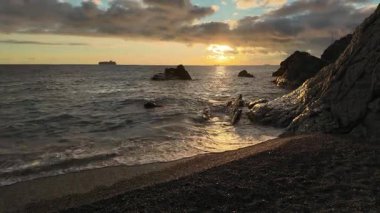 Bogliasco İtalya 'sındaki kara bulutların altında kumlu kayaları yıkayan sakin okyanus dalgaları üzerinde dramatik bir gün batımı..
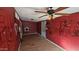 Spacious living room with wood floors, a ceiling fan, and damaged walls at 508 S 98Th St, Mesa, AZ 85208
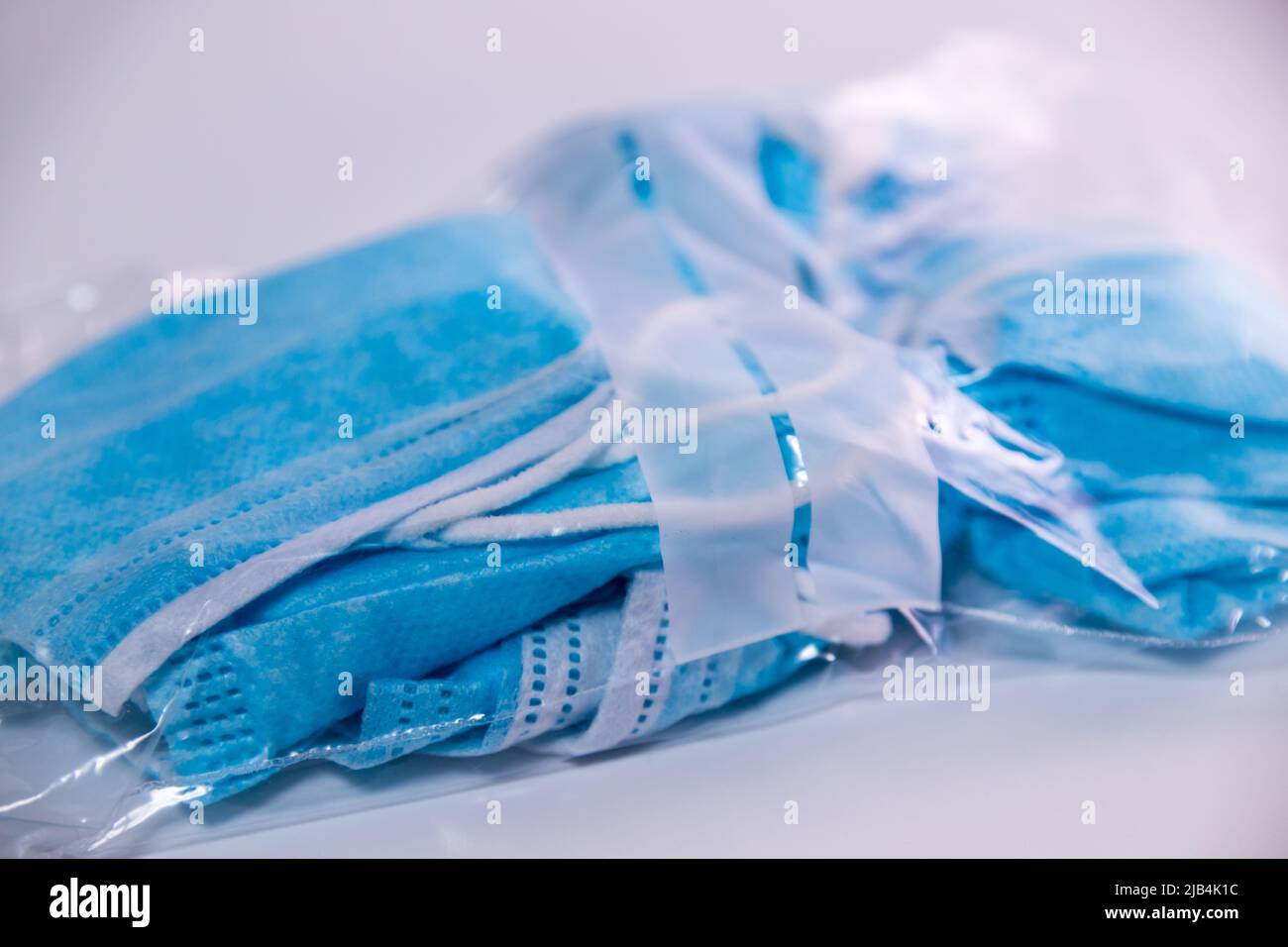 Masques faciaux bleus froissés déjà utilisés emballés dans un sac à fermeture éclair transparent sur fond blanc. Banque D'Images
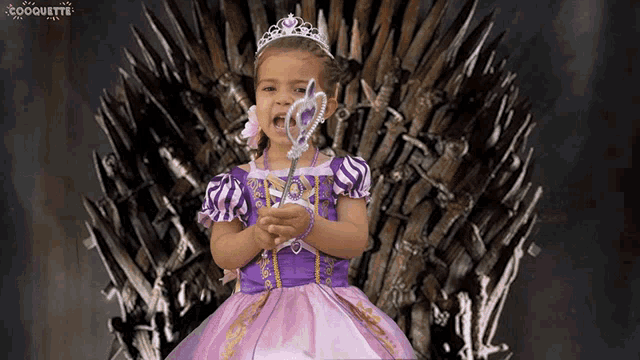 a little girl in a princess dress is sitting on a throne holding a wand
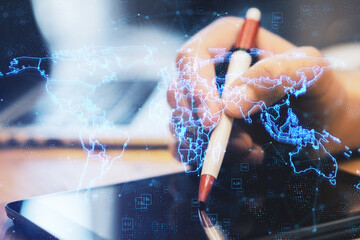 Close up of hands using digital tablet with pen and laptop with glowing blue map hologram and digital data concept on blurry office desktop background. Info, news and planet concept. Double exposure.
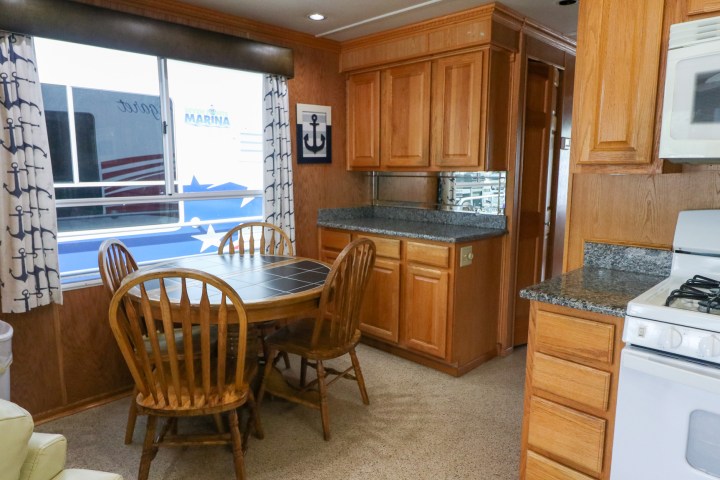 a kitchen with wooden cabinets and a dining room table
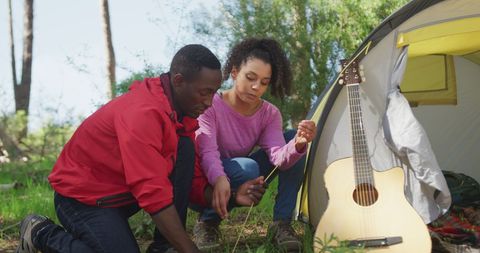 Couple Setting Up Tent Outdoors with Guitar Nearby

* * *

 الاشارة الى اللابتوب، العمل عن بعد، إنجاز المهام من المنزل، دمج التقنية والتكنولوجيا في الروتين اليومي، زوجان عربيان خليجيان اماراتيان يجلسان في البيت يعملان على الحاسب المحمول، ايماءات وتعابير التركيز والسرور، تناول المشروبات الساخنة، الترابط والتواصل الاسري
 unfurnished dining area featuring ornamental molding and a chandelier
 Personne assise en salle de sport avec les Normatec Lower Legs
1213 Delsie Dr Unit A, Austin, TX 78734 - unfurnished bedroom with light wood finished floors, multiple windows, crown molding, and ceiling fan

...

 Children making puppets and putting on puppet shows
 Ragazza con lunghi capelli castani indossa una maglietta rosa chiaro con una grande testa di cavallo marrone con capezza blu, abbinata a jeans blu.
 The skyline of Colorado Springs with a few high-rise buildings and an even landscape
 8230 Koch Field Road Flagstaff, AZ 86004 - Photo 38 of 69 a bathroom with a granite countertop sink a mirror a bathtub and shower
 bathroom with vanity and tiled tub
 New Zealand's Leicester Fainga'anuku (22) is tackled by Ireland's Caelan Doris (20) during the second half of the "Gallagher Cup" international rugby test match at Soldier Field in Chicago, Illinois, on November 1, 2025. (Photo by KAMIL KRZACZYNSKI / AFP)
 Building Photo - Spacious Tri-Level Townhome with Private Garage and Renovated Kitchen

Task brief:
When the line with "The skyline of" is reached in the data above, start copying there, and copy each line exactly until the line with "Building Photo - Spacious" has been copied; copy nothing else.

Result:
 The skyline of Colorado Springs with a few high-rise buildings and an even landscape
 8230 Koch Field Road Flagstaff, AZ 86004 - Photo 38 of 69 a bathroom with a granite countertop sink a mirror a bathtub and shower
 bathroom with vanity and tiled tub
 New Zealand's Leicester Fainga'anuku (22) is tackled by Ireland's Caelan Doris (20) during the second half of the "Gallagher Cup" international rugby test match at Soldier Field in Chicago, Illinois, on November 1, 2025. (Photo by KAMIL KRZACZYNSKI / AFP)
 Building Photo - Spacious Tri-Level Townhome with Private Garage and Renovated Kitchen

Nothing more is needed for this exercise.